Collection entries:
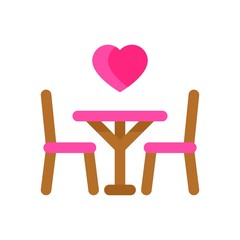 love and wedding related table and chairs with heart vectors in flat design,
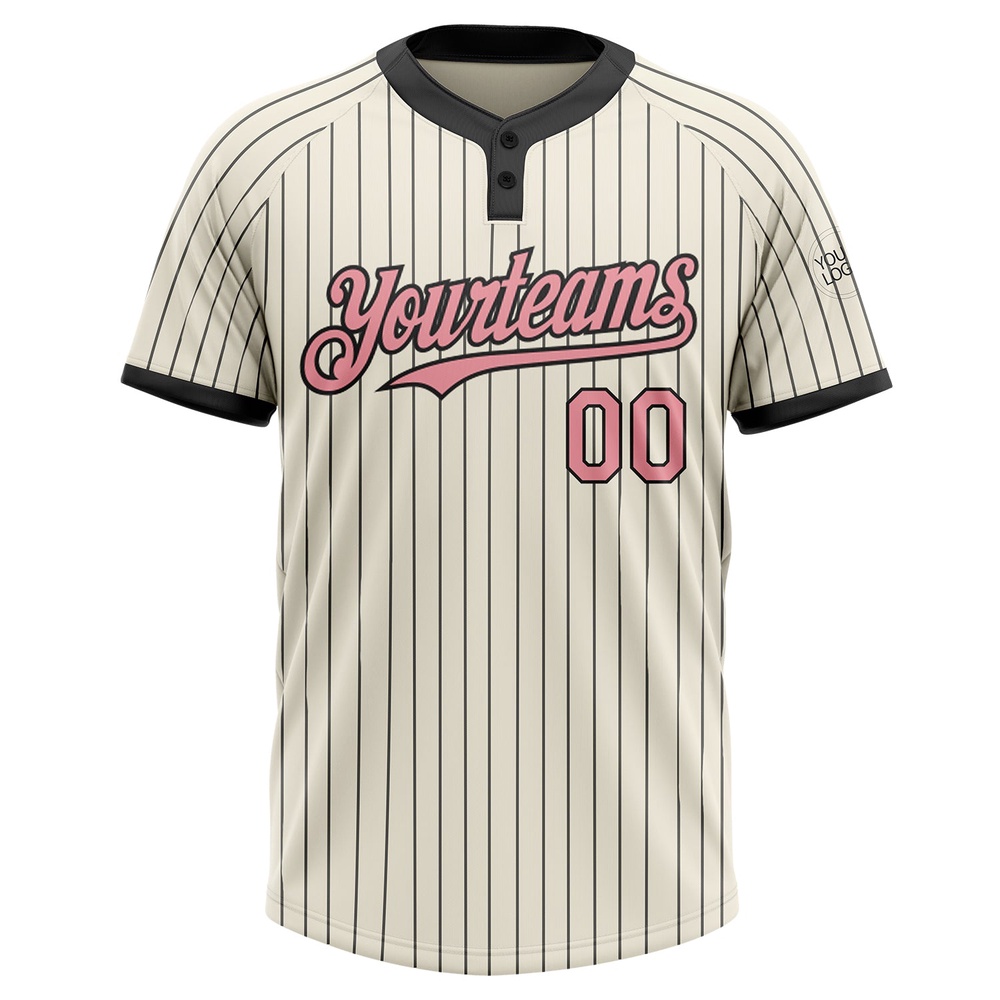 Cream Black Pinstripe Medium Pink Two Button Unisex Softball Jersey, Custom Team Softball Jersey Cream Black Pinstripe Medium Pink Two Button Unisex Softball Jersey, Custom Team Softball Jersey
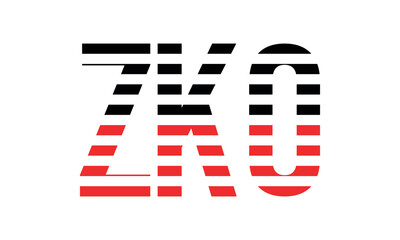 ZKO three initial letter iconic line negative space minimal logo design vector template. monogram, abstract, wordmark, business, typography, minimalist, brand, company, flat, modern, unique, simple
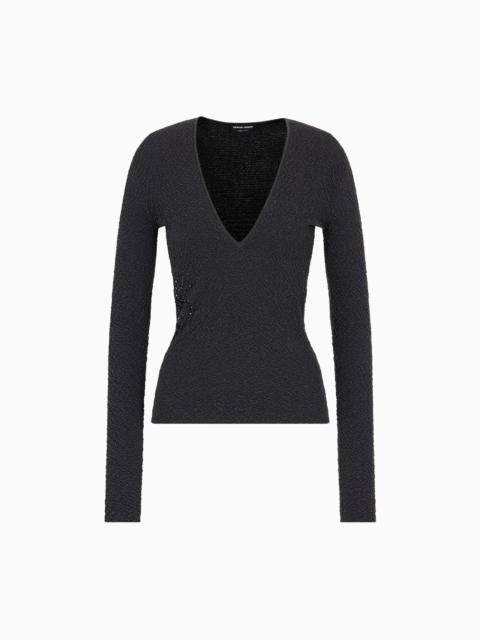 GIORGIO ARMANI V-NECK JUMPER IN EMBOSSED METALLIC VISCOSE WITH EMBROIDERY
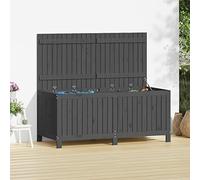 Iiaky Garden Storage Box Grey 147x68x64 cm Solid Wood Pine,Wood Deck Box,Garden Storage Bench with Flexible Hinges and Handle,Indoor Outdoor Furniture Chest Organizer for Cushion Pillow Gardening Tool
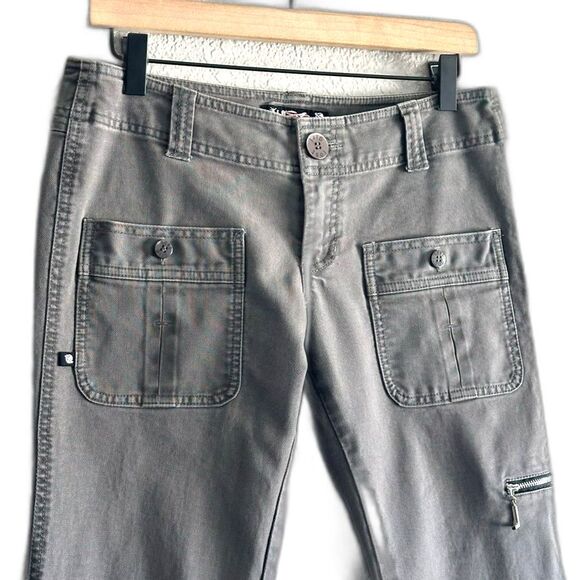 Y2K Lost Girl Convertible Cargo Pants Grey Flare Utility Sz 5 Small Vintage Gorp - Picture 3 of 12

Work to complete:
The images are to be left out; every line above should be set down exactly.

Solution to the exercise:
 love and wedding related table and chairs with heart vectors in flat design,
 Cream Black Pinstripe Medium Pink Two Button Unisex Softball Jersey, Custom Team Softball Jersey Cream Black Pinstripe Medium Pink Two Button Unisex Softball Jersey, Custom Team Softball Jersey
 ZKO three initial letter iconic line negative space minimal logo design vector template. monogram, abstract, wordmark, business, typography, minimalist, brand, company, flat, modern, unique, simple
 GIORGIO ARMANI V-NECK JUMPER IN EMBOSSED METALLIC VISCOSE WITH EMBROIDERY
 Iiaky Garden Storage Box Grey 147x68x64 cm Solid Wood Pine,Wood Deck Box,Garden Storage Bench with Flexible Hinges and Handle,Indoor Outdoor Furniture Chest Organizer for Cushion Pillow Gardening Tool
 Y2K Lost Girl Convertible Cargo Pants Grey Flare Utility Sz 5 Small Vintage Gorp - Picture 3 of 12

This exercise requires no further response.